With this work, we extend the previous literature in three directions. First, we update the trends of first marriage formation in Sweden up to 2022, focusing on both women and men, thus providing new evidence on marriage propensities in the context of recent fertility decline and during the Covid-19 pandemic and its immediate aftermath. (The most recent study on marriage formation trends in Sweden covered years up to 2012 and focused only on the female population; cf. Andersson & Kolk, 2015.) Second, we provide insight into the possible relationship between trends in union formation and childbearing during the 2010s. For instance, changes in marriage formation can be affected by fertility changes (Ohlsson-Wijk, 2011). In this study, we investigate this issue by studying the extent to which trends in marriage formation can be explained by changes in the parity composition of women and men at family formation ages and if they differ across parity groups. Finally, for the first time in Sweden, we are able to rely on administrative register data to study total population trends in cohabitation formation. Sweden has previously lacked all-encompassing data of such nature. This is of general interest as the country is known as a forerunner in the normalization of cohabitation (Heuveline & Timberlake, 2004) and as marriage and childbearing in this context are almost always preceded by cohabitation (Andersson et al., 2017).

2 Background

2.1 Marriage Trends in Sweden

From the 1960s to the 1990s, Sweden experienced a steady decline in marriage rates, which primarily involved childless and never-married women (Andersson, 1998). This decline can be explained by a general decrease in the popularity of marriage as the only institution for family life, in favour of unmarried cohabitation, which was already prevalent in Sweden in the early 1970s and which increased further in the next decades (Heuveline & Timberlake, 2004). Moreover, the decline in marriage rates was driven by a general postponement of the age at marriage, parallel to the postponement of childbearing. Taken together, the increase of informal unions and the postponement of marriage and childbearing paved the way for a typical pattern of family formation that was characterized by entry into cohabitation and followed by the birth of children and, in some cases, by marriage (Andersson, 1998; Holland, 2013). In fact, slightly more than half of all children and two-thirds of first-born children are currently born to unmarried parents (Thomson, 2023), suggesting that marriage is no longer seen as a prerequisite for childbearing. However, there is still a connection between the two events, as marriage is strongly linked to childbearing and often considered a way of formalizing a commitment that has already been strengthened by having children (Duvander, 1999; Lappegård & Noack, 2015; Moors & Bernhardt, 2009).

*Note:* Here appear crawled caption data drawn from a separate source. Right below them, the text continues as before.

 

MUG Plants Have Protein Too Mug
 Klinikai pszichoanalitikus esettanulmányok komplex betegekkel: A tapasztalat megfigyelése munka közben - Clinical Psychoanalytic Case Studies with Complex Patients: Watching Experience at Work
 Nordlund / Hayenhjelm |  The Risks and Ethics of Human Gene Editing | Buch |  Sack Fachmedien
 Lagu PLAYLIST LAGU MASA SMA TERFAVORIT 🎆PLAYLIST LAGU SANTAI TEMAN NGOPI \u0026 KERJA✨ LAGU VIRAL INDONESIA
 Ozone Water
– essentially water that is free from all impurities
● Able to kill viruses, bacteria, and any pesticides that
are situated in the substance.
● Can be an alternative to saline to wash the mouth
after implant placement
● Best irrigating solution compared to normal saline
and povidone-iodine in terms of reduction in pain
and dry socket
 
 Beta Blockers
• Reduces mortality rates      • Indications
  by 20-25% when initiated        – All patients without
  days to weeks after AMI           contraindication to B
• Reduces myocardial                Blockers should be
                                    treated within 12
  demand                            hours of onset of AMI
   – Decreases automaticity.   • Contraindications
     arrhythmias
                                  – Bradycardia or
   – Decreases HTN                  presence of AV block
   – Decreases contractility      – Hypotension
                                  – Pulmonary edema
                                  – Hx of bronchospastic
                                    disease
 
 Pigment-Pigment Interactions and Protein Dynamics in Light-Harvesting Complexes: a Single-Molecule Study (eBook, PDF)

The secular decline in marriage rates in Sweden had only two deviations, presumably linked to changes in legislation. A first small increase in marriage rates occurred during 1974–1976, as a result of the liberalization of divorce laws, which made divorce quicker and easier to obtain. These legislative changes, which also included a simplification of the procedures for marriage formation, led a body of newly divorced individuals to re-enter the marriage market and may also have increased the popularity of marriage as a more modern contemporary institution (Andersson, 1998; Agell, 1982). A second large peak in marriage rates occurred in 1989, in response to the near abolition of the widows’ pensions for women that were not married as of January 1990. A large number of cohabiting couples thus married in 1989 as they perceived that it could secure a better future pension in the event of a partner’s death (Hoem, 1991).

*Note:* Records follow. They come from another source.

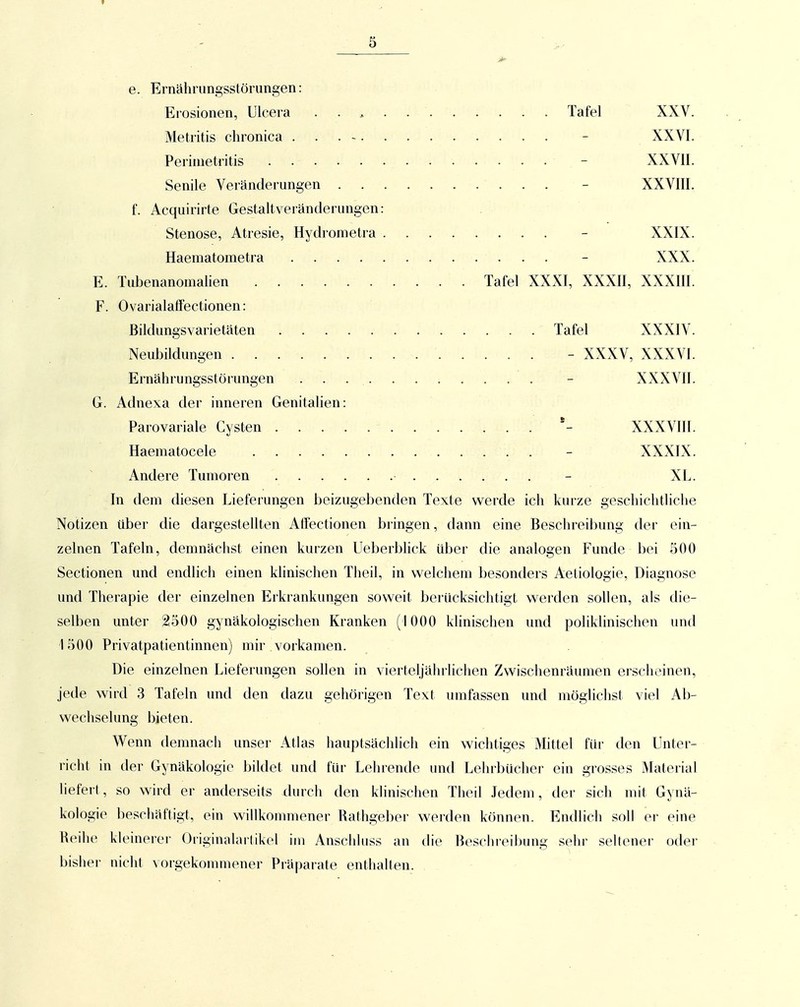 e. Ernährungsstörungen: Erosionen, Ulcera Tafel XXV. Meti'itis chronica - XXVI. Perimetritis - XXVII. Senile Veränderungen - XXVIII. f. Acquirirte Gestaltveränderungen: Stenose, Atresie, Hydrometra - XXIX. Haematometra - XXX. E. Tubenanomahen Tafel XXXI, XXXII, XXXIII. F. OvarialafFectionen: Bildungsvarietäten Tafel XXXIV. Neubildungen - XXXV, XXXVI. Ernährungsstörungen - XXXVII. G. Adnexa der inneren Genitalien: Parovariale Cysten *- XXXVIII. Haematocele - XXXIX. Andere Tumoren - XL. In dem diesen Lieferungen beizugebenden Texte werde ich kurze geschichtliche Notizen über die dargestellten Atfectionen bringen, dann eine Beschreibung der ein- zelnen Tafeln, demnächst einen kurzen Ueberbhck über die analogen Funde bei 500 Sectionen und endlich einen klinischen Theil, in welchem besonders Aetiologie, Diagnose und Therapie der einzelnen Erkrankungen soweit berücksichtigt werden sollen, als die- selben unter 2500 gynäkologischen Kranken ( 1000 klinischen und poliklinischen und 1500 Privatpatientinnen) mir vorkamen. Die einzelnen Lieferungen sollen in vierteljährlichen Zwischenräumen erscheinen, jede wird 3 Tafeln und den dazu gehörigen Text umfassen und mögliclist viel Ab- wechselung bieten. Wenn demnacli unser Atlas hauptsächlich ein wichtiges Mittel fiü- den Unter- richt in der Gynäkologie bildet und für Lehrende und Lehrbücher ein grosses Material liefert, so wird er anderseits xlurch den klinischen Theil Jedem, der sich mit Gynä- kologie beschäftigt, ein willkommener Rathgeber werden können. Endlich soll er eine Reihe kleinerer Originalarlikel im Anschhiss an die Beschreibung sehr seltener oder bisher nicht vorgekommener Präparate enthalten.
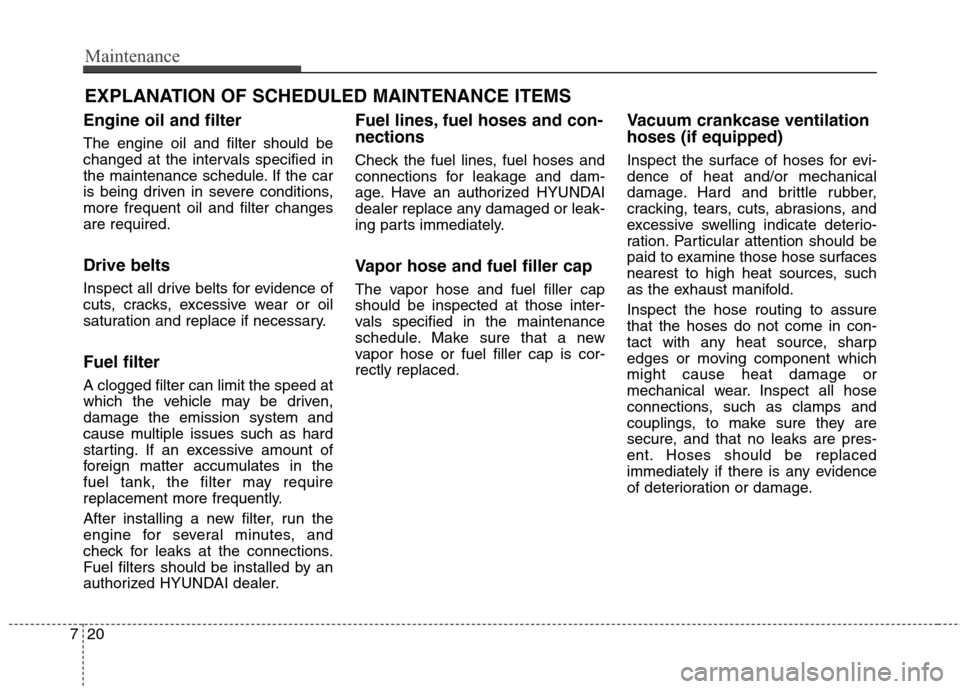 Hyundai Genesis Coupe 2015  Owners Manual Maintenance
20 7
EXPLANATION OF SCHEDULED MAINTENANCE ITEMS
Engine oil and filter
The engine oil and filter should be
changed at the intervals specified in
the maintenance schedule. If the car
is bein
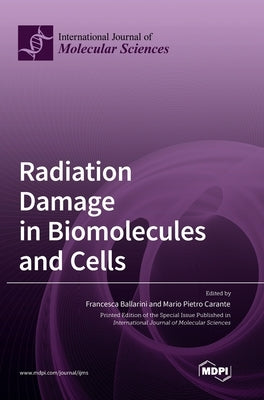 Radiation Damage in Biomolecules and Cells by Ballarini, Francesca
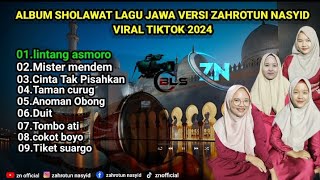 ALBUM SHOLAWAT JAWA TERBARU 2024 (VERSI ZAHROTUN NASYID) -COCOK BUAT SANTAI_VIRAL TIKTOK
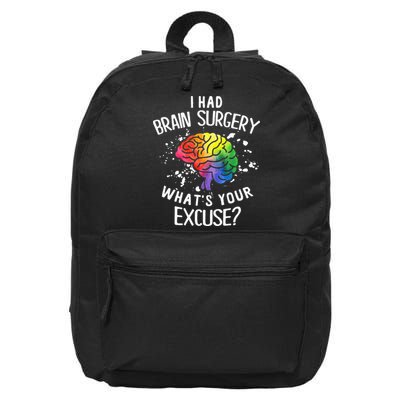 I Had Brain Surgery What's Your Excuse Brain Tumor 16 in Basic Backpack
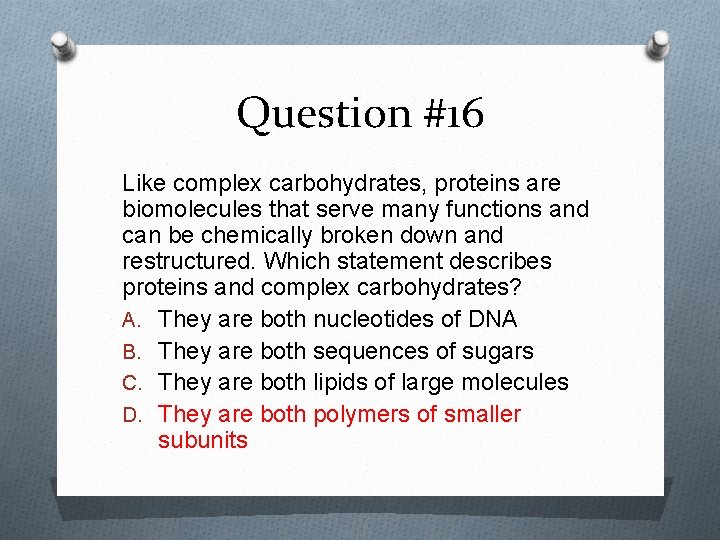 Question #16 Like complex carbohydrates, proteins are biomolecules that serve many functions and can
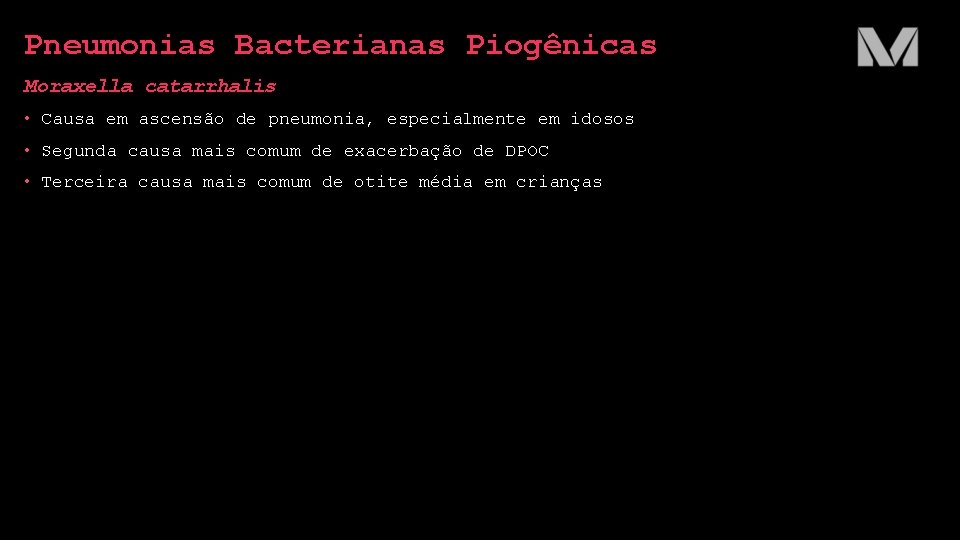 Pneumonias Bacterianas Piogênicas Moraxella catarrhalis • Causa em ascensão de pneumonia, especialmente em idosos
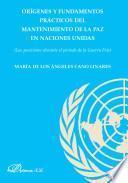 Orígenes Y Fundamentos Prácticos Del Mantenimiento De La Paz En Las Naciones Unidas.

After a long period of marriage decline, only temporarily halted in 1974 and 1989, Sweden experienced a marriage “revival” in the 2000s (Ohlsson-Wijk, 2011). A substantial peak in marriages occurred in 2000, perhaps because of some digital preferences of people to marry in that year (Ohlsson-Wijk, 2014), which was followed by a slight dip in 2001, but after that the long-term downward trend in marriage rates was replaced by a continuous and steady upward trend over the first decade of the 2000s (Andersson & Kolk, 2015). This increase can be explained by four factors as spelled out by Ohlsson-Wijk (2011). First, it may partly be attributed to a “recuperation” of postponed marriages at higher ages. Second, part of the reversal was explained by changes in the composition of the population in terms of increasing proportions of individuals with a solid labour market attachment as well as by increasing fertility trends during the same decade—factors that positively affect the propensity to marry in Sweden. Third, it is possible that a higher prevalence of cohabiting unions in those years could have stimulated marriage rates through a larger number of couples who eventually transformed their informal union into marriage. Finally, in contrast to what happened in the previous decades, the popularity of marriage seemed to have increased in the first years of the 2000s.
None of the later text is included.